= Bega Valley Arts and Crafts Society =

The Bega Valley Arts and Crafts Society is a body created for and run by visual arts practitioners based in the Bega Valley Shire. The body was originally called the Bega Valley Fine Arts and Crafts Society when it was founded in 1946 by three local artists, Jack Roy Kirkland, Silby McNeil, Charles Deacon and a friend of the society, founder of the Bega District News, WB 'Curly' Annabel.

== Formation of the society ==

The BVACS was the first arts society to be established in NSW outside of Sydney.
The first meeting of the society was called by Silby McNeil for November 13, 1946 to discuss holding an exhibition of local paintings the following month. The meeting went on to resolve the motion of Jack Kirkland, 'to form a society for the encouragement and cultivation of artistic works of a cultural nature'. A further motion resolved that 'the society be known as the Bega Valley Fine Arts and Crafts Society'.

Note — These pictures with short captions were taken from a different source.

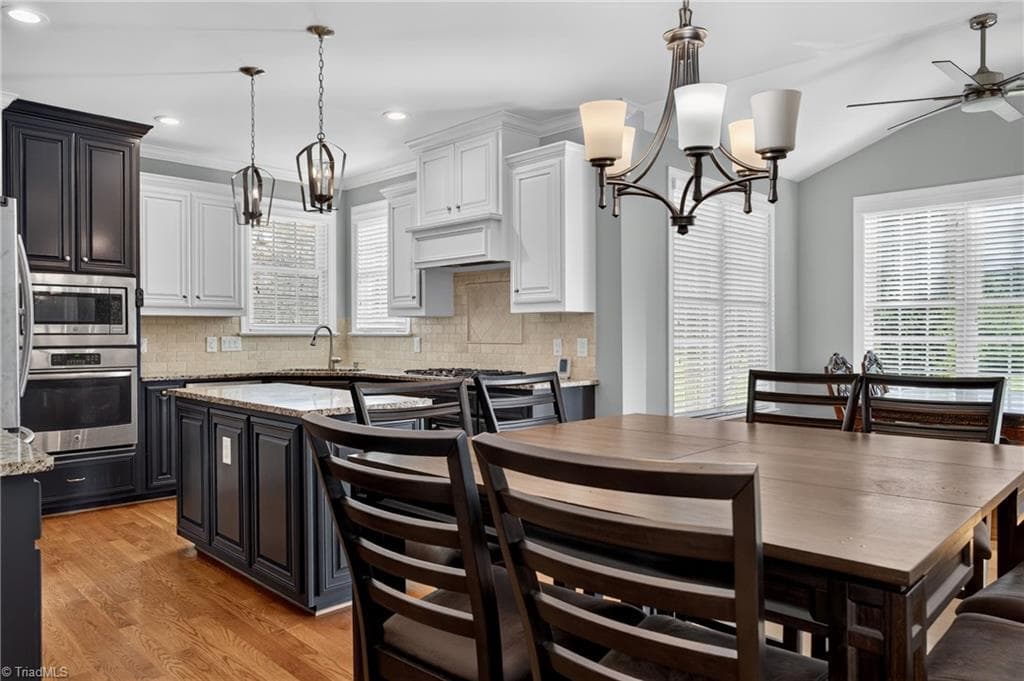 Stick/Site Built at 4329 Griffins Gate Lane, Greensboro NC 27407, Greensboro, photo 15 of 34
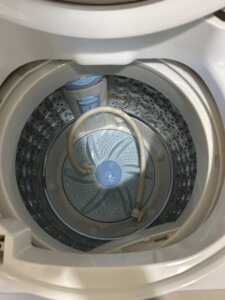 TOSHIBA(東芝)7.0キロ 全自動洗濯機 AW-7G8 2019年製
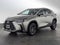 2026 Lexus NX 350h PREMIUM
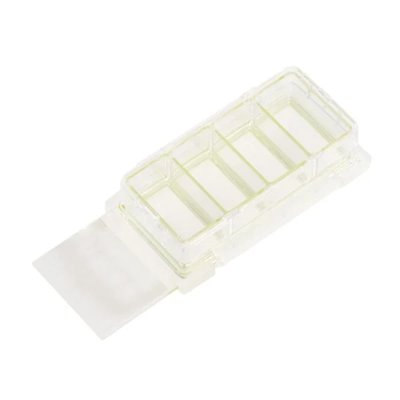 CELLTREAT Chambered Cell Culture Slides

Original elected office bearers for the society were:

- Patron Mr W H Balmain
- President Mr S McNeil
- Vice Presidents Mr JR Kirkland, Mr W Birnall and Mr F Newtown
- Secretary Mr CH Deacon
- Treasurer Miss R Scott
- Publicity Officer Mr WB Annabel

The first of the traditional annual exhibition of the society was planned for December 1946 to be held at the Balmain Motors showrooms. The director of the National Gallery of NSW, Hal Missingham offered support to the new society through advice on drawing up a formal constitution and by laws, which were adopted after the first annual general meeting of the society in 1947.
The society's objectives in 1947 were twofold - first, 'to create and develop public interest in fine arts and secondly, to promote exhibitions of a cultural nature and to encourage the practice of fine arts.'

The BVACS had, from its earliest days, strong links with the Royal Art Society of NSW which assisted the BVACS with defining its artistic direction, and as a source of respected tutors and critics. In 1950, three members of the BVACS were made associate members of the RASNSW, after being nominated by painter James R Jackson who had accompanied the artists on painting excursions in the Bega district.

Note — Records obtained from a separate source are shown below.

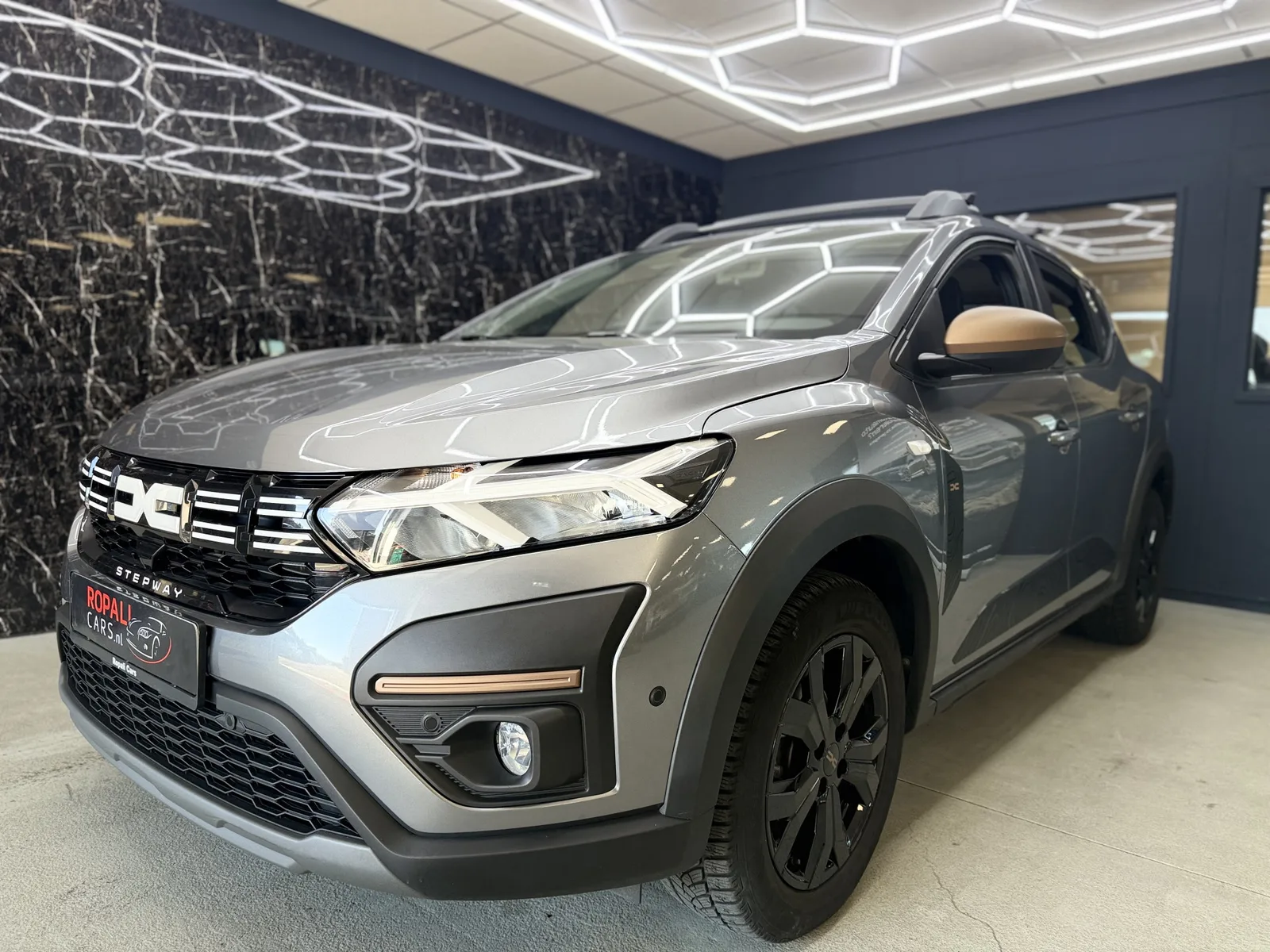 Dacia Sandero (2025) — foto 1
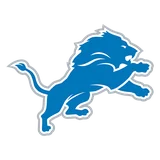 Detroit Lions logo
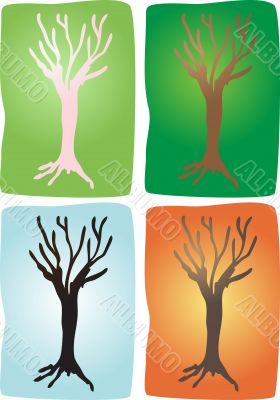 Four seasons Four seasons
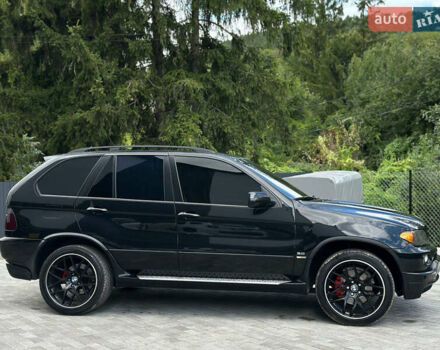 БМВ Х5, объемом двигателя 3 л и пробегом 390 тыс. км за 9300 $, фото 8 на Automoto.ua
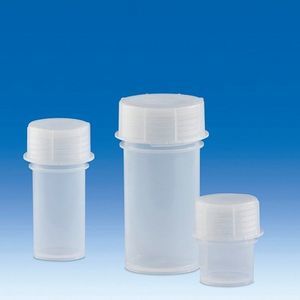 transport sample container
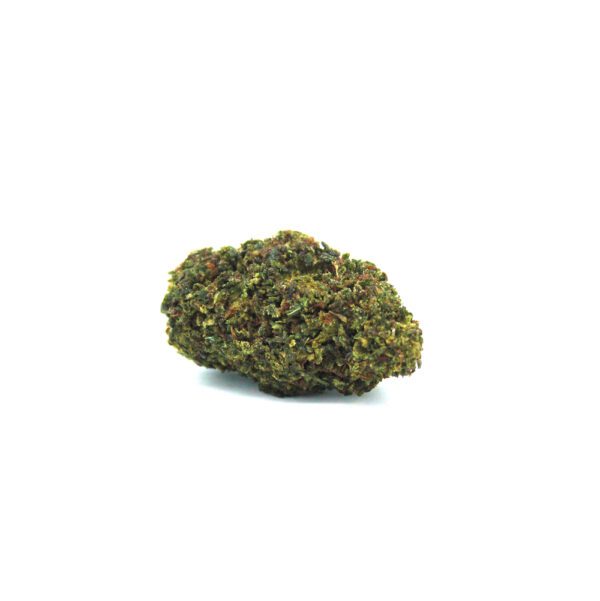 Wedding Cake D8 Flower side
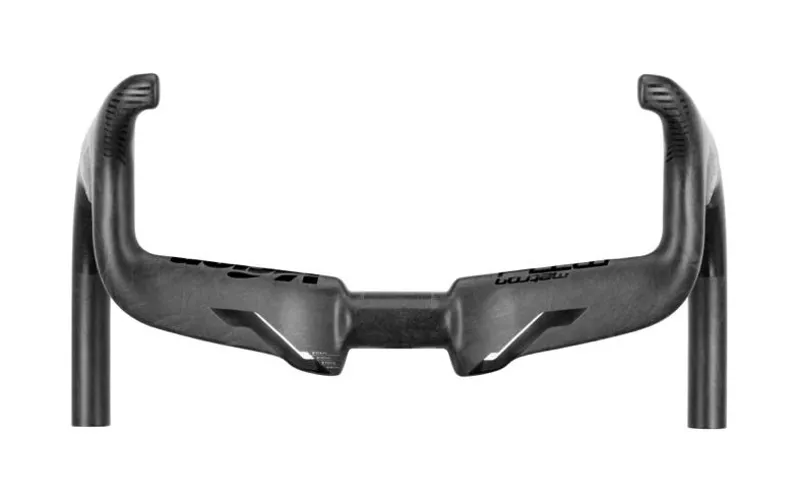Vision Metron Track Carbon Handlebar TK-210 V24 365mm-3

Despite its artistic success, the society still had to assert itself locally for official recognition. 1960 it repeatedly requested council to supply signs directing visitors to its gallery, to no avail. The society also had to approach council requesting representation at civic functions when the local bodies and clubs were automatically included.

== The Caltex Art Award ==

In 1961 the Caltex Oil Company became the sponsor of a local art award.